Please copy the records below word for word, leaving out the pictures.

------ Record excerpts

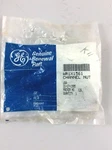 WR1X1561 Ge Nut Oem. Fixed Price $19.40.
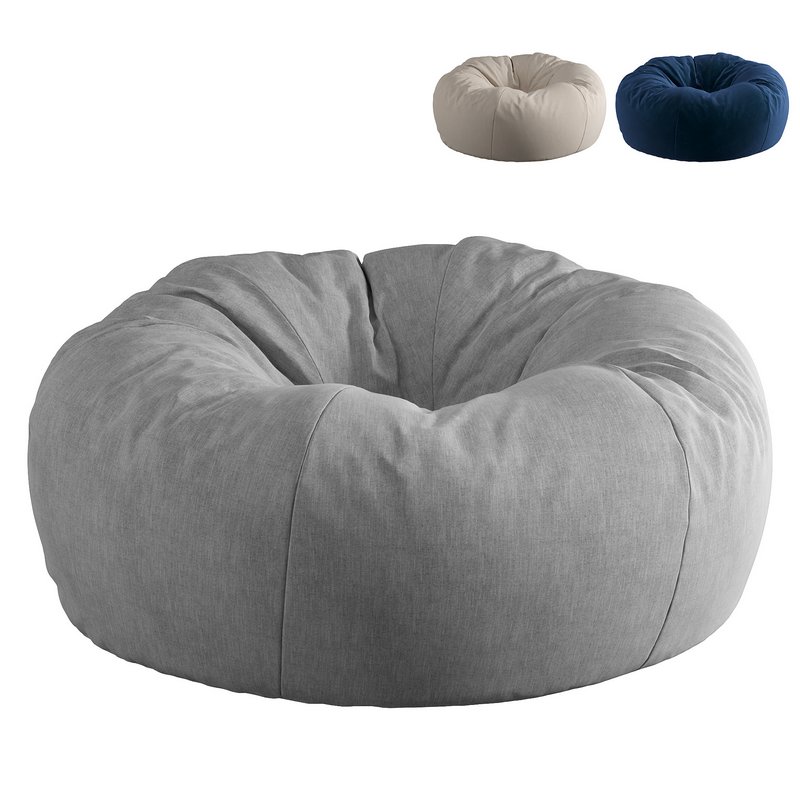 Bean Bag chair - Image 1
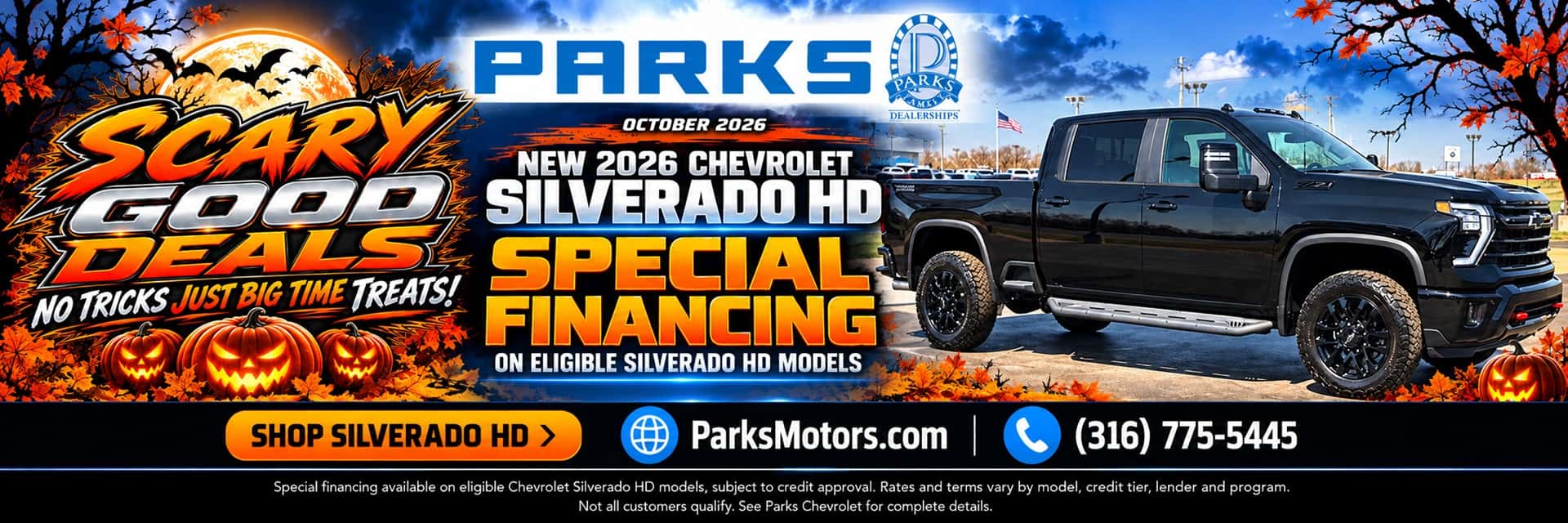 Scary-Good-Silverado-HD-Hero-Banner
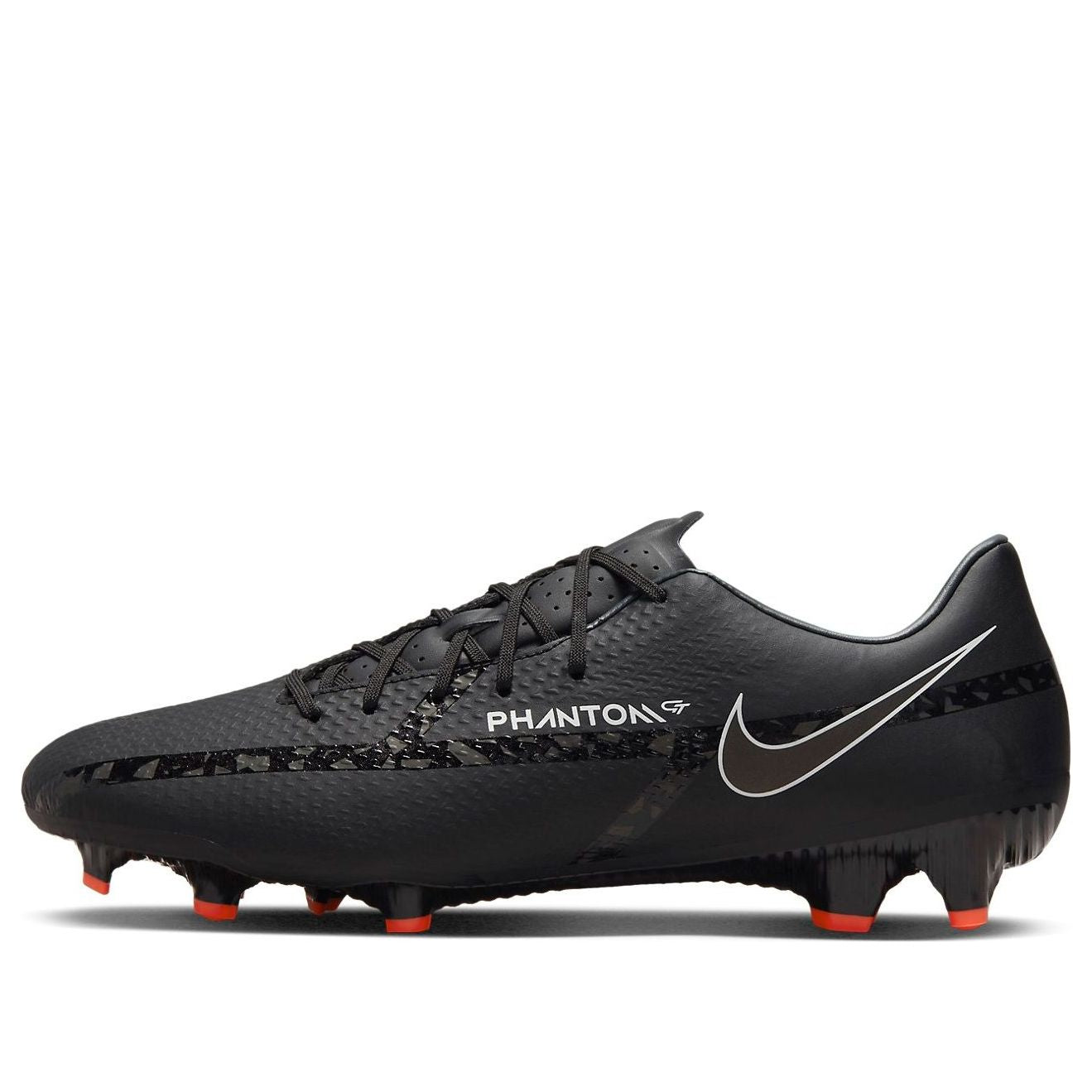Nike Phantom GT2 Academy FG MG 'Shadow Pack' DA4433-001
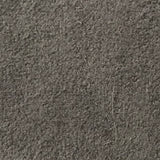 58” Synergy II Performer Suede Fabric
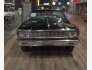 1964 Chevrolet Chevelle for sale 101837041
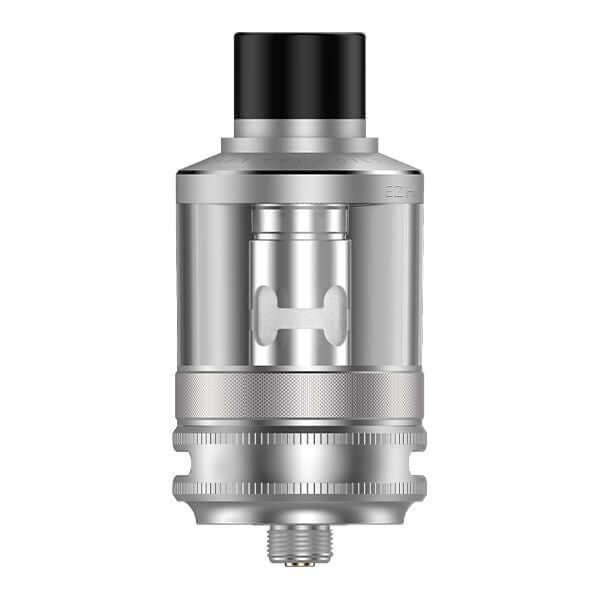 Voopoo - TPP Pod Tank 2 Verdampfer - Haus des Dampfes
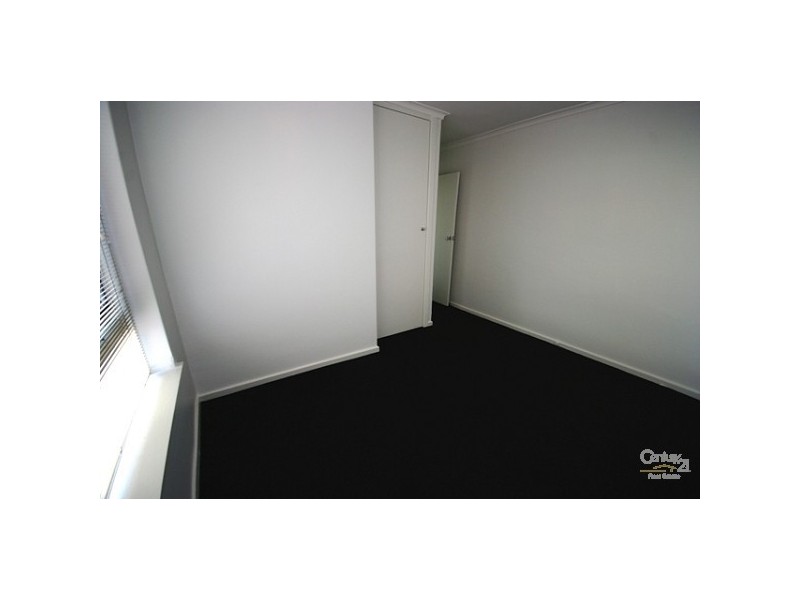 4/264 Neerim Road, Carnegie VIC 3163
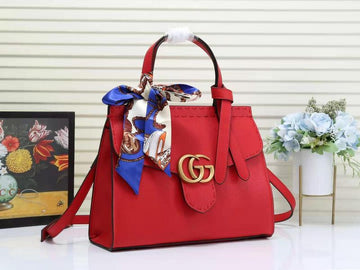 EC - GUKI Bags - 2426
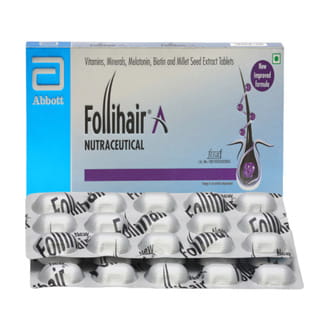 View product image 2
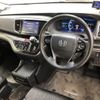 honda odyssey 2017 -HONDA--Odyssey RC4-1022085---HONDA--Odyssey RC4-1022085- image 7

------------

● Answer for this exercise
 WR1X1561 Ge Nut Oem. Fixed Price $19.40.
 Bean Bag chair - Image 1
 Scary-Good-Silverado-HD-Hero-Banner
Nike Phantom GT2 Academy FG MG 'Shadow Pack' DA4433-001
 58” Synergy II Performer Suede Fabric
 1964 Chevrolet Chevelle for sale 101837041
 Voopoo - TPP Pod Tank 2 Verdampfer - Haus des Dampfes
 4/264 Neerim Road, Carnegie VIC 3163
 EC - GUKI Bags - 2426
 View product image 2
 honda odyssey 2017 -HONDA--Odyssey RC4-1022085---HONDA--Odyssey RC4-1022085- image 7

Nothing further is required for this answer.